La casa editrice (semplicemente – forse narcisisticamente? – “Bertani”, pur con qualche anno come “E.D.B.”) nacque sul finire dei Sessanta, periodo croce e delizia per gli ideologi/ideologizzati/ideologisti d’ogni risma.
Pensate che il buon Giorgio – a inizio carriera sfoggiava capello lungo e baffoni importanti, successivamente sempre chioma fluente (benché un po’ diradata), ma baffi sviluppatisi in una barba che lo poneva a metà strada tra l’eremita e il garibaldino – nel 1962 ebbe l’occasione di partecipare al rapimento (dimostrativo, non gli fu torto nemmeno un capello) del Viceconsole spagnolo di stanza nel capoluogo lombardo. Lo fece assieme ad alcuni compagni anarchici e socialisti rivoluzionari gravitanti tra Verona, Trento e Milano. Il gesto venne compiuto al fine di sollevare l’opinione pubblica contro la condanna a morte di tre militanti antifranchisti pronunziata da un tribunale iberico.

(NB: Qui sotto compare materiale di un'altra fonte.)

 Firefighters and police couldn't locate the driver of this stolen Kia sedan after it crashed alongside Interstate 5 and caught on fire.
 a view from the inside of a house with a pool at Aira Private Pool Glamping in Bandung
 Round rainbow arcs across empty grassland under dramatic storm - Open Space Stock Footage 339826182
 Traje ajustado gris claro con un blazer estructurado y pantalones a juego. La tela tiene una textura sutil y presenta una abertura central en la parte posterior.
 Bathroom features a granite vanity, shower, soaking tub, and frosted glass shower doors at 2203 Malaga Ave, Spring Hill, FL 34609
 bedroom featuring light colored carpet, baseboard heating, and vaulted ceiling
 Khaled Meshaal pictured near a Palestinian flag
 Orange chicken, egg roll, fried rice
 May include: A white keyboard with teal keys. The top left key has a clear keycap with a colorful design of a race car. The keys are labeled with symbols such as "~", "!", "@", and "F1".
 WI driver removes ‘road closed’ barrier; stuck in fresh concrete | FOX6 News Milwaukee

Benché dimostrativa – cosa che permise, insieme all’atto compiuto “per ragioni di particolare interesse morale e sociale”, di far diventare dimostrativo pure il carcere cui vennero condannati i protagonisti, l’azione ebbe il giusto risalto, tanto da far muovere anche Paolo VI in favore dei tre.
Ordunque, Bertani editore. Non si può omettere il risaputo: fu il primo a pubblicare – ad avere il coraggio di farlo – Dario Fo. Si intende nel senso più completo del termine. Quindi non soltanto le sue pièces teatrali e le sue satire, ma pure – inframezzo i cataloghi di vendita della casa editrice – i proclami del circolo teatrale “La Comune” e gli appelli del Soccorso Rosso militante.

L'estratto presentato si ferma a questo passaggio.